Il a réussi à se faire accepter et à faire sa place. Une expérience dont il veut faire profiter les autres immigrants. Il a participé activement à la mise en place du Comité d’accueil, d’intégration et d’établissement des nouveaux arrivants (CAIÉNA) de la Péninsule acadienne, dont il préside le conseil d’administration.

«Je considère que l’Acadie est une terre très accueillante pour les immigrants», assure Kassim Doumbia. C’est vraiment une place que je recommande, même s’il faut relever le défi de l’emploi.»

«Je n’ai jamais été victime de racisme», précise-t-il.

Il n’en est pas moins conscient que dans bien des cas «à diplômes équivalents un entrepreneur sera plus porté à engager quelqu’un de la région qu’un nouvel arrivant pour différentes raisons. C’est la nature humaine».

Mostafa Rahmoune est arrivé lui voilà bientôt cinq ans du Maroc, directement à Caraquet, dans le cadre d’un regroupement familial. «Je n’ai pas eu de problème à m’intégrer ici; les gens sont réellement accueillants, tout le monde se dit bonjour», reconnaît-il.

Il avoue ne pas avoir rencontré beaucoup plus de difficultés que les autres immigrants en raison de ses origines maghrébines.

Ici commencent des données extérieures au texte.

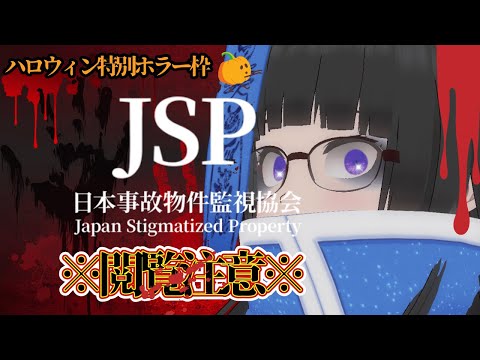 【ハロウィン特別ホラー枠👻】事故物件を監視せよ…【JSP 日本事故物件監視協会 | VTuber 大饗ぬる】
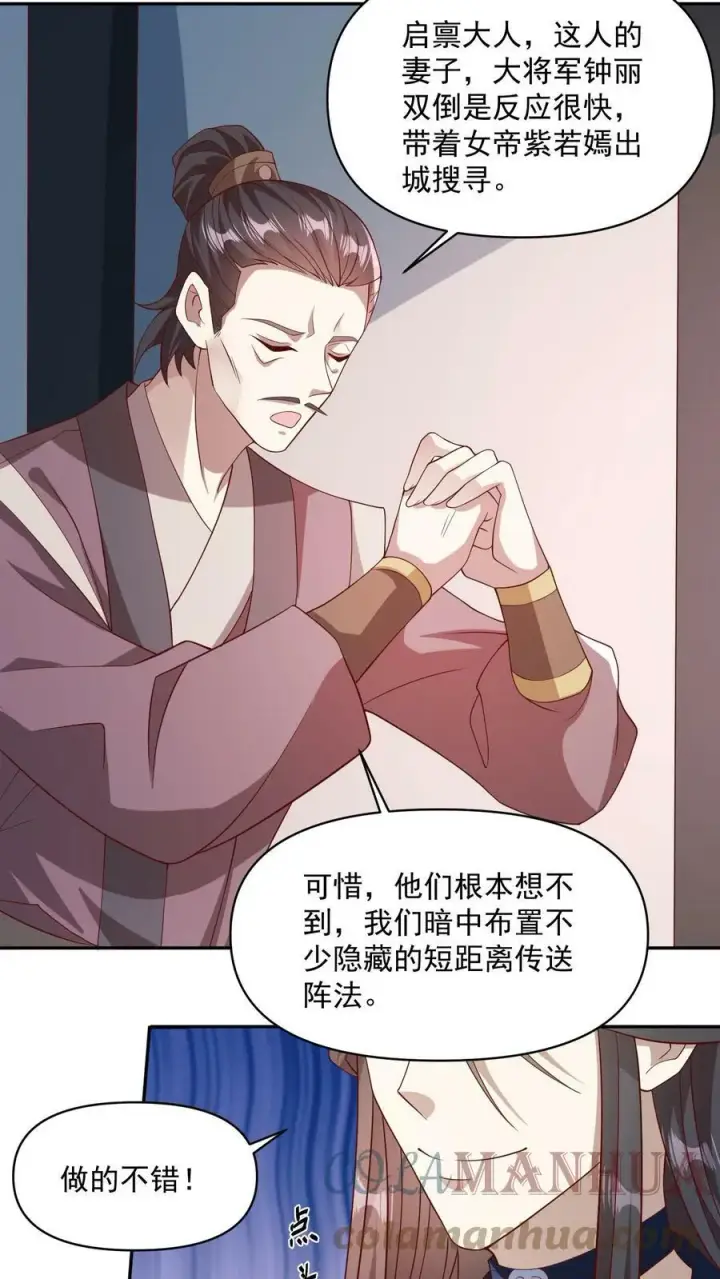 漫画《完了啊！女帝的软饭丈夫居然无敌》第51话 黑魂殿第17张图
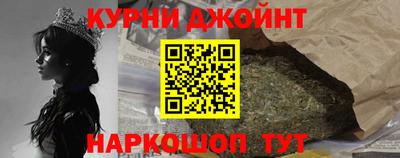 прущие крисы Шебекино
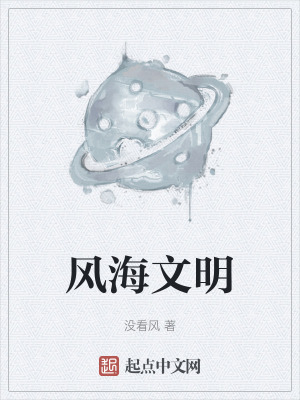 風海文明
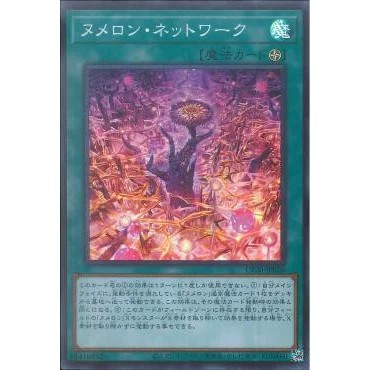 [ Zare Yugioh ] Lá bài thẻ bài Yugioh CP20-JP026 - Numeron Network - Super Rare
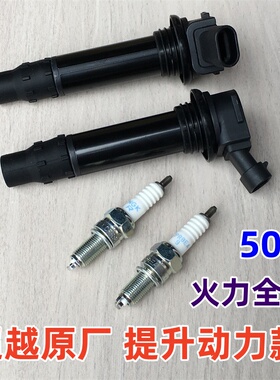 适用摩托车珠峰凯越321R/RR/300GS高压包点火器帽点火线圈火花塞
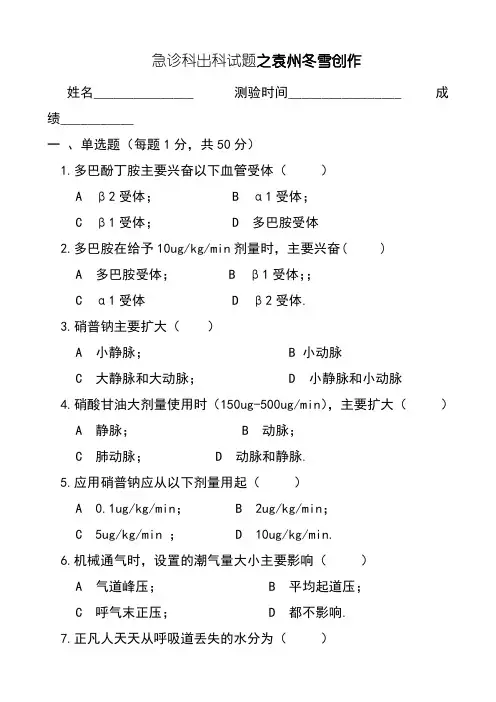 急诊科出科考试题及答案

Les rares réactions négatives, il les a vécues au cours de ses recherches d’emploi. «Il m’est arrivé par deux fois, quand je présentais une demande pour un emploi, de sentir que la personne n’avait pas une réaction normale. Je savais qu’ils recherchaient du monde, mais ils n’ont même pas voulu me tester.»

Ces a priori, il préfère ne pas s’y attarder plus que ça. «C’est du passé.»

Pour aller de l’avant, il a décidé de retourner aux études. Il a prévu d’entamer en septembre prochain un cours pour être auxiliaire en soins infirmiers. «Même si ça n’a aucun rapport avec ma formation initiale, l’électromécanique, il y a beaucoup de débouchés dans le domaine de la santé.»

Un calcul qui pourrait s’avérer payant autant pour lui que pour la Péninsule, qui souffre d’une pénurie de main-d’oeuvre dans ce secteur.